Excerpted records:
☆ ☆ ☆ ☆ ☆ ☆ ☆

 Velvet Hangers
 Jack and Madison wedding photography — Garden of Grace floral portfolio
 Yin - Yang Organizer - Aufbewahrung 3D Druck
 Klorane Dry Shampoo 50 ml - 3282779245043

☆ ☆ ☆ ☆ ☆ ☆ ☆

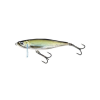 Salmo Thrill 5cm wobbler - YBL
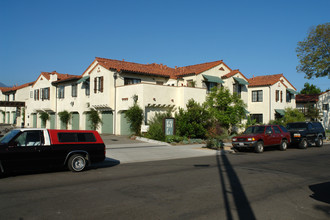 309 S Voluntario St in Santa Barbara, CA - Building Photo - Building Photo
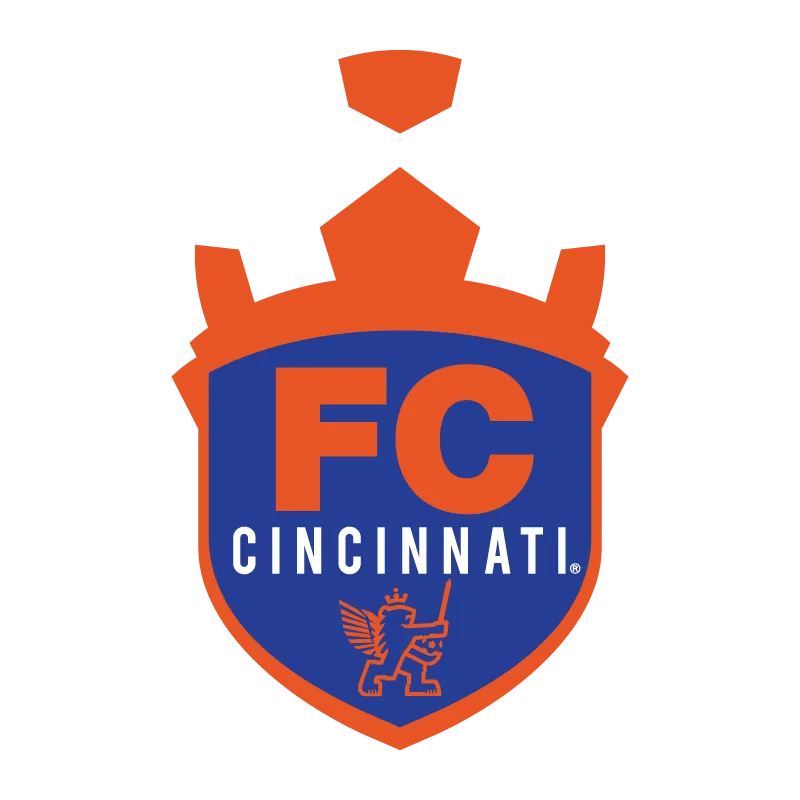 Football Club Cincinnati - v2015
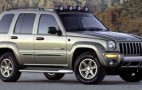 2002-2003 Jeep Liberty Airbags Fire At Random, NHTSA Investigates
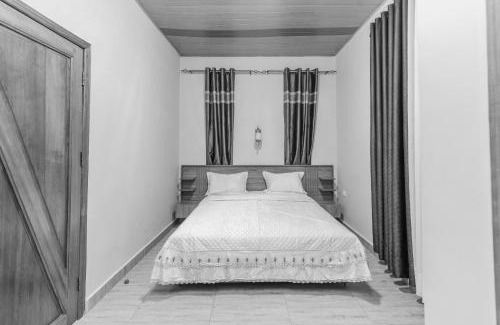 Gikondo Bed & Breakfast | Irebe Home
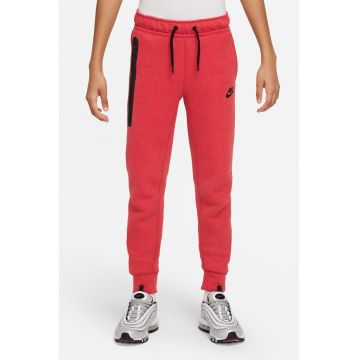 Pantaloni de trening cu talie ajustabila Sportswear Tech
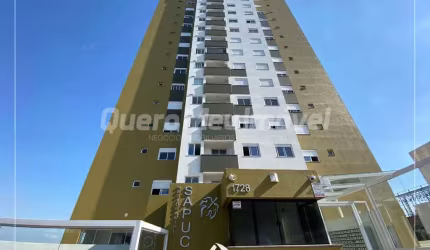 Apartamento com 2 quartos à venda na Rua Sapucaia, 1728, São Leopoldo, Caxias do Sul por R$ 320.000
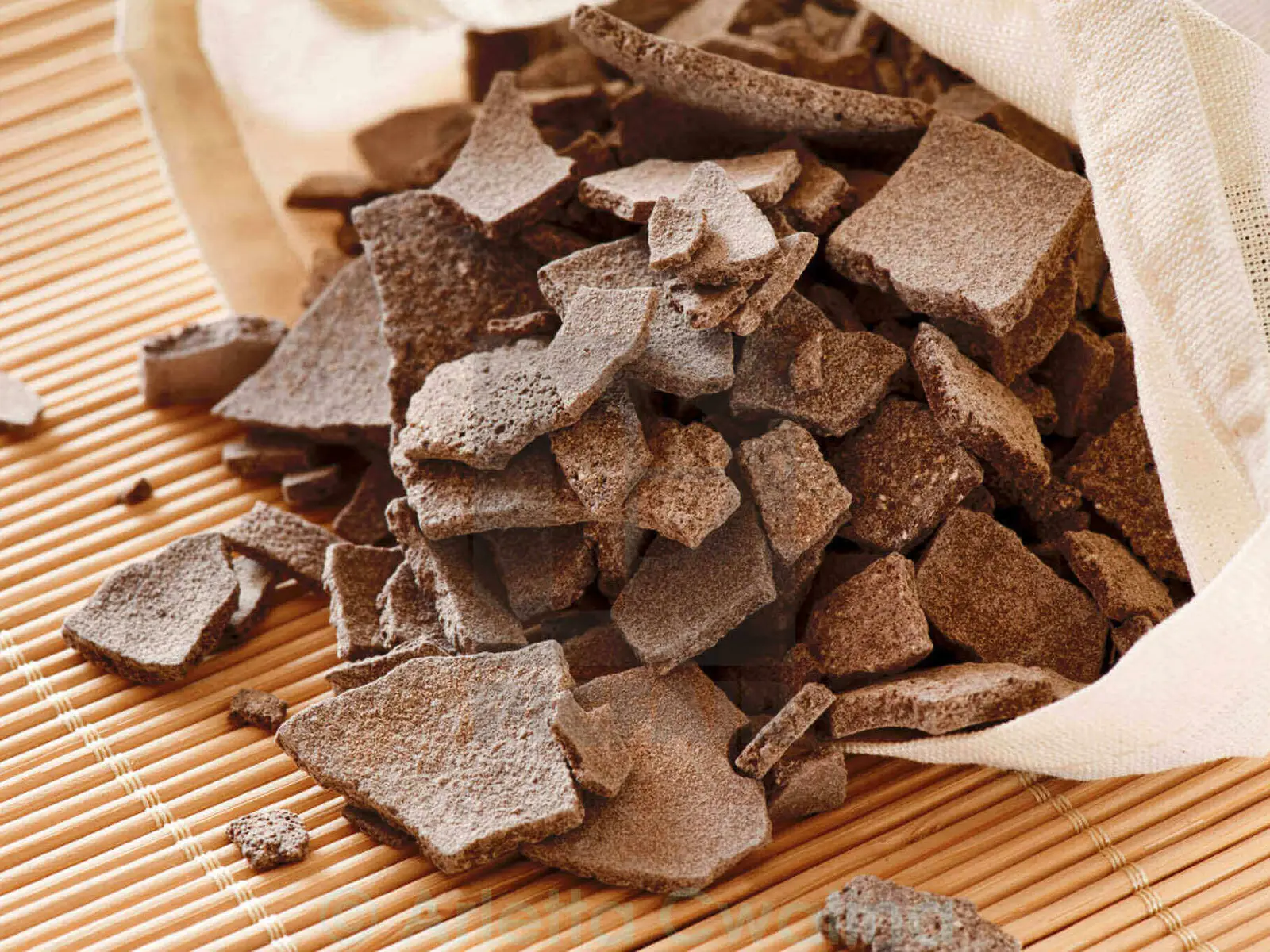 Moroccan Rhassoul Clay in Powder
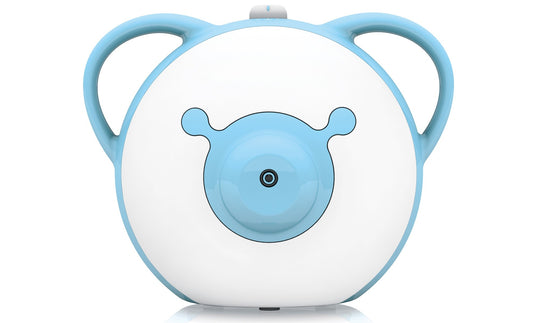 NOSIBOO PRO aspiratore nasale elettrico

☆ ☆ ☆ ☆ ☆ ☆ ☆

Assignment:
In the records above, everything from the line with "Apartamento com 2" down to the line with "NOSIBOO PRO aspiratore nasale elettrico" is to be set down exactly, both ends included, with no pictures and no other lines.

Finished task:
 Apartamento com 2 quartos à venda na Rua Sapucaia, 1728, São Leopoldo, Caxias do Sul por R$ 320.000
 Moroccan Rhassoul Clay in Powder
 NOSIBOO PRO aspiratore nasale elettrico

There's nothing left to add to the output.